WORK ORDER: Which lines run from the line with "Easter Decorative Tin" through the line with "Casio A168WA-5AYDF Vintage" in the entries below? Print them exactly, both ends included, and nothing more.

RECORDS SUPPLIED:
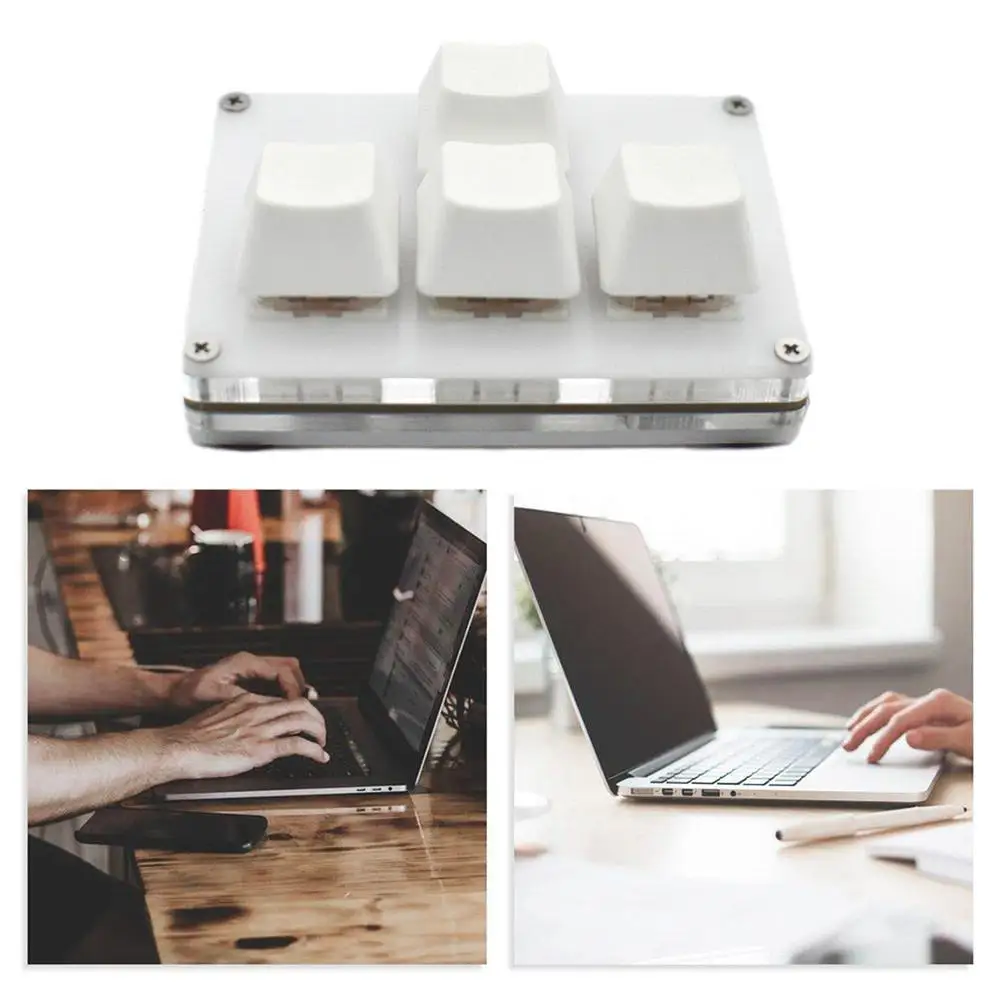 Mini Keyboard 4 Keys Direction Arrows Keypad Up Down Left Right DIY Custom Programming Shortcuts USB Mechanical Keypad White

==

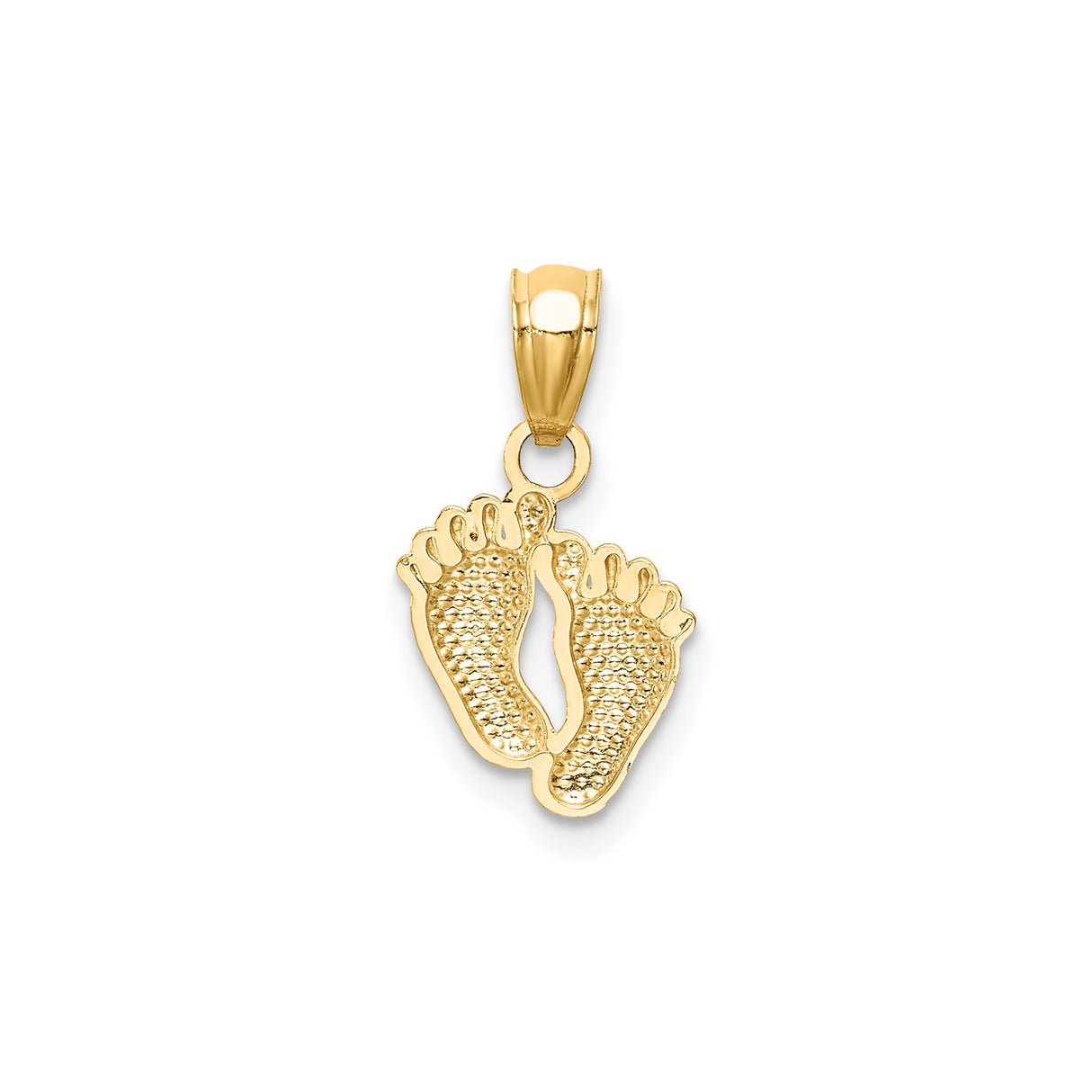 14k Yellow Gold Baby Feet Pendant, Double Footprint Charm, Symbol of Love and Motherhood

---

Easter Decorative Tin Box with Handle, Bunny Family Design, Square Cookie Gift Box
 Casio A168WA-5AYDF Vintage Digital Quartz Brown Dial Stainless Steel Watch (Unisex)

ANSWER SPACE:
Easter Decorative Tin Box with Handle, Bunny Family Design, Square Cookie Gift Box
 Casio A168WA-5AYDF Vintage Digital Quartz Brown Dial Stainless Steel Watch (Unisex)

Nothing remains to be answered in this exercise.